Residual Bias Compensation Filter for Physics-Based SOC Estimation in Lithium Iron Phosphate Batteries

TL;DR

This work tackles the challenge of accurate state-of-charge estimation in LFP batteries, where flat OCV-SOC characteristics hinder observability. It introduces a residual bias compensation dual EKF (RBC-DEKF) that decouples residual bias estimation from electrochemical state estimation, enabling real-time correction of voltage deviations without perturbing state dynamics. By applying two coupled EKFs to a CP G-SPMT electrochemical model, the method achieves substantial improvements in SOC and voltage estimation accuracy across a wide temperature range, outperforming a conventional EKF. The results demonstrate that residual bias compensation effectively mitigates model and sensor mismatches, with practical implications for safety and performance in LFP-based energy systems.

Abstract

This paper addresses state of charge (SOC) estimation for lithium iron phosphate (LFP) batteries, where the relatively flat open-circuit voltage (OCV-SOC) characteristic reduces observability. A residual bias compensation dual extended Kalman filter (RBC-DEKF) is developed. Unlike conventional bias compensation methods that treat the bias as an augmented state within a single filter, the proposed dual-filter structure decouples residual bias estimation from electrochemical state estimation. One EKF estimates the system states of a control-oriented parameter-grouped single particle model with thermal effects, while the other EKF estimates a residual bias that continuously corrects the voltage observation equation, thereby refining the model-predicted voltage in real time. Unlike bias-augmented single-filter schemes that enlarge the covariance coupling, the decoupled bias estimator refines the voltage observation without perturbing electrochemical state dynamics. Validation is conducted on an LFP cell from a public dataset under three representative operating conditions: US06 at 0 degC, DST at 25 degC, and FUDS at 50 degC. Compared with a conventional EKF using the same model and identical state filter settings, the proposed method reduces the average SOC RMSE from 3.75% to 0.20% and the voltage RMSE between the filtered model voltage and the measured voltage from 32.8 mV to 0.8 mV. The improvement is most evident in the mid-SOC range where the OCV-SOC curve is flat, confirming that residual bias compensation significantly enhances accuracy for model-based SOC estimation of LFP batteries across a wide temperature range.
Paper Structure (5 sections, 23 equations, 4 figures, 1 table)

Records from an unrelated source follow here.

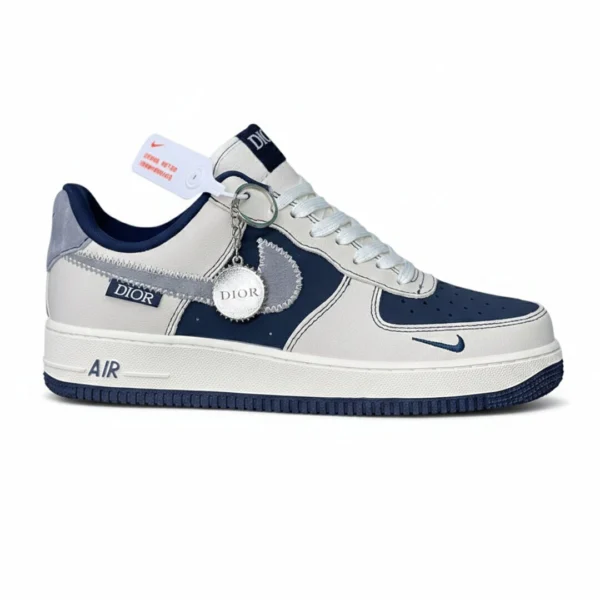 کفش نایک ایرفورس 1 دیور سرمه‌ای سفید استخوانی Nike Air Force 1 Dior Sail Navy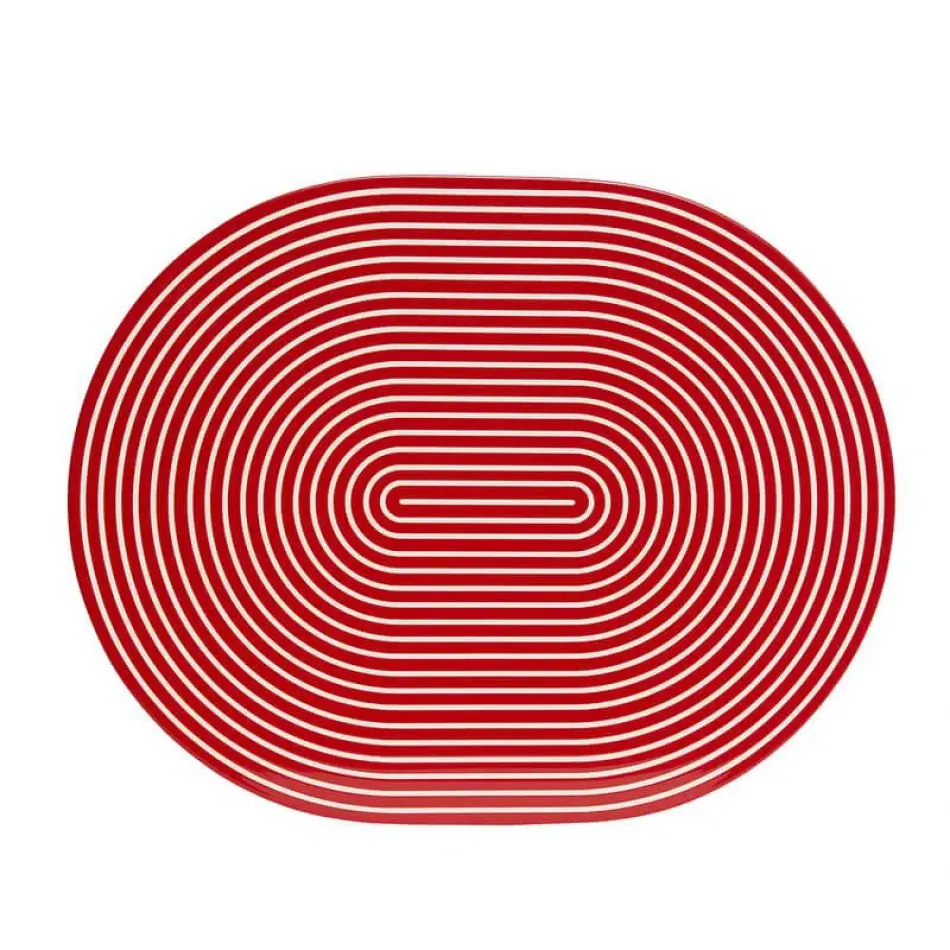 Lacquer Stripe Red/White 14" x 18" Oval Placemat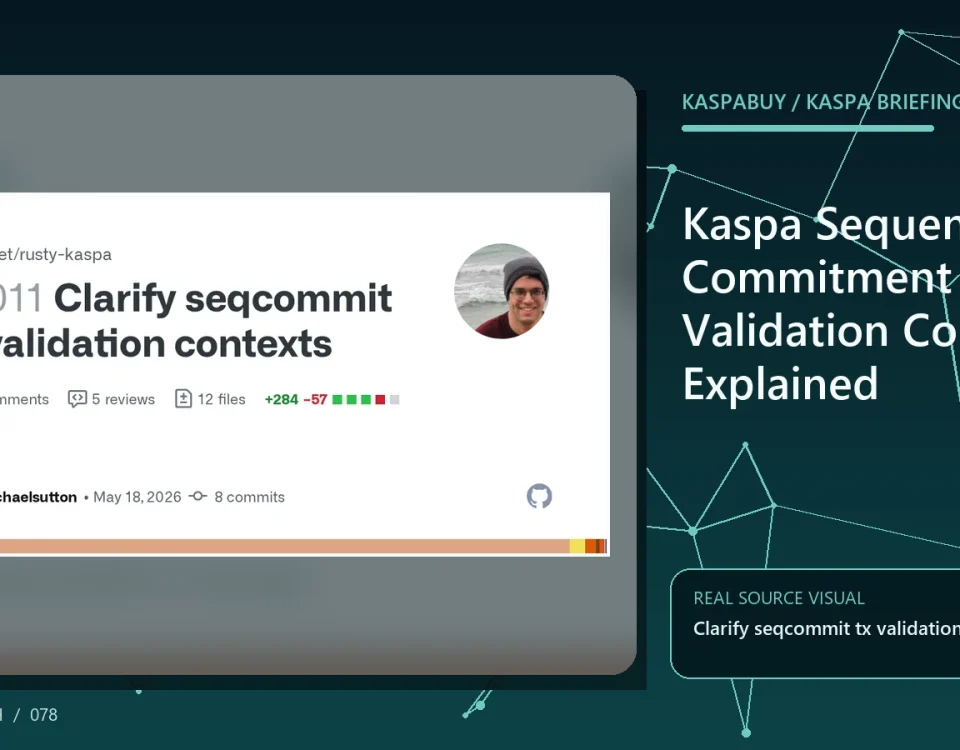 Kaspa sequencing commitment validation across selected-parent BlockDAG context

This paper contains 5 sections, 23 equations, 4 figures, 1 table.

Figures (4)

  • Figure 1: Experimental validation of the CPG-SPMT battery model under different operating conditions. The figure shows current profiles (left panels) and voltage comparison between measurements and CPG-SPMT model predictions (right panels) for three test conditions: (a,b) US06 at 0°C, (c,d) DST at 25°C, and (e,f) FUDS at 50°C.
  • Figure 2: SOC estimation comparison between single EKF and RBC-DEKF under: (a) US06 at 0$^{\circ}$C, (b) DST at 25$^{\circ}$C, and (c) FUDS at 50$^{\circ}$C.
  • Figure 3: SOC estimation error comparison under: (a) US06 at 0$^{\circ}$C, (b) DST at 25$^{\circ}$C, and (c) FUDS at 50$^{\circ}$C.
  • Figure 4: Voltage estimation error comparison under: (a) US06 at 0$^{\circ}$C, (b) DST at 25$^{\circ}$C, and (c) FUDS at 50$^{\circ}$C.